Stored items
====

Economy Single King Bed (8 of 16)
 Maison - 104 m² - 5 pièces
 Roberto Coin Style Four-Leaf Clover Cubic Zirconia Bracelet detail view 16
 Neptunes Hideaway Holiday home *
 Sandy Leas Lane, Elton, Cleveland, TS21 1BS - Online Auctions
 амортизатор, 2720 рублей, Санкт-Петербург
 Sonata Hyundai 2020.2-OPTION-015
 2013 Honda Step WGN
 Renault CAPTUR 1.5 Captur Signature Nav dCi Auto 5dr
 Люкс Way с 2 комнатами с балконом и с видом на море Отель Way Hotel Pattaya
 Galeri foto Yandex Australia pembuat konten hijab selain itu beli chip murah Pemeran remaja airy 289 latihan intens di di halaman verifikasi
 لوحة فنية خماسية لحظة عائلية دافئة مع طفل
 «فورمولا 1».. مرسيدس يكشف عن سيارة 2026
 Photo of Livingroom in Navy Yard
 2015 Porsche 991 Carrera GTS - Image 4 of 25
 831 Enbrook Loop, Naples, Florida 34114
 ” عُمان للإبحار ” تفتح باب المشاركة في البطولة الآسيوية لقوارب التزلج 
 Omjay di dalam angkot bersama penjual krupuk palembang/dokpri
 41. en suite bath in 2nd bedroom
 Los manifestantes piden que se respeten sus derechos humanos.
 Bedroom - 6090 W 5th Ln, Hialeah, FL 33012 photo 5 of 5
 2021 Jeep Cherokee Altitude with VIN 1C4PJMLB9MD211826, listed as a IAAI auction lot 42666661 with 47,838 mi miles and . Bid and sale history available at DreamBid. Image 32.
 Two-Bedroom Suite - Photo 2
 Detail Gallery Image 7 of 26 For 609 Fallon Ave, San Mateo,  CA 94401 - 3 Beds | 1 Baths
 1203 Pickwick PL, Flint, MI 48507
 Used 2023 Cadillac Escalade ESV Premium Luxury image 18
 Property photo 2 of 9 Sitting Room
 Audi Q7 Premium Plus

====

▸ Prompt
Could the data above be returned exactly as it stands?

▸ Task solution
Economy Single King Bed (8 of 16)
 Maison - 104 m² - 5 pièces
 Roberto Coin Style Four-Leaf Clover Cubic Zirconia Bracelet detail view 16
 Neptunes Hideaway Holiday home *
 Sandy Leas Lane, Elton, Cleveland, TS21 1BS - Online Auctions
 амортизатор, 2720 рублей, Санкт-Петербург
 Sonata Hyundai 2020.2-OPTION-015
 2013 Honda Step WGN
 Renault CAPTUR 1.5 Captur Signature Nav dCi Auto 5dr
 Люкс Way с 2 комнатами с балконом и с видом на море Отель Way Hotel Pattaya
 Galeri foto Yandex Australia pembuat konten hijab selain itu beli chip murah Pemeran remaja airy 289 latihan intens di di halaman verifikasi
 لوحة فنية خماسية لحظة عائلية دافئة مع طفل
 «فورمولا 1».. مرسيدس يكشف عن سيارة 2026
 Photo of Livingroom in Navy Yard
 2015 Porsche 991 Carrera GTS - Image 4 of 25
 831 Enbrook Loop, Naples, Florida 34114
 ” عُمان للإبحار ” تفتح باب المشاركة في البطولة الآسيوية لقوارب التزلج 
 Omjay di dalam angkot bersama penjual krupuk palembang/dokpri
 41. en suite bath in 2nd bedroom
 Los manifestantes piden que se respeten sus derechos humanos.
 Bedroom - 6090 W 5th Ln, Hialeah, FL 33012 photo 5 of 5
 2021 Jeep Cherokee Altitude with VIN 1C4PJMLB9MD211826, listed as a IAAI auction lot 42666661 with 47,838 mi miles and . Bid and sale history available at DreamBid. Image 32.
 Two-Bedroom Suite - Photo 2
 Detail Gallery Image 7 of 26 For 609 Fallon Ave, San Mateo,  CA 94401 - 3 Beds | 1 Baths
 1203 Pickwick PL, Flint, MI 48507
 Used 2023 Cadillac Escalade ESV Premium Luxury image 18
 Property photo 2 of 9 Sitting Room
 Audi Q7 Premium Plus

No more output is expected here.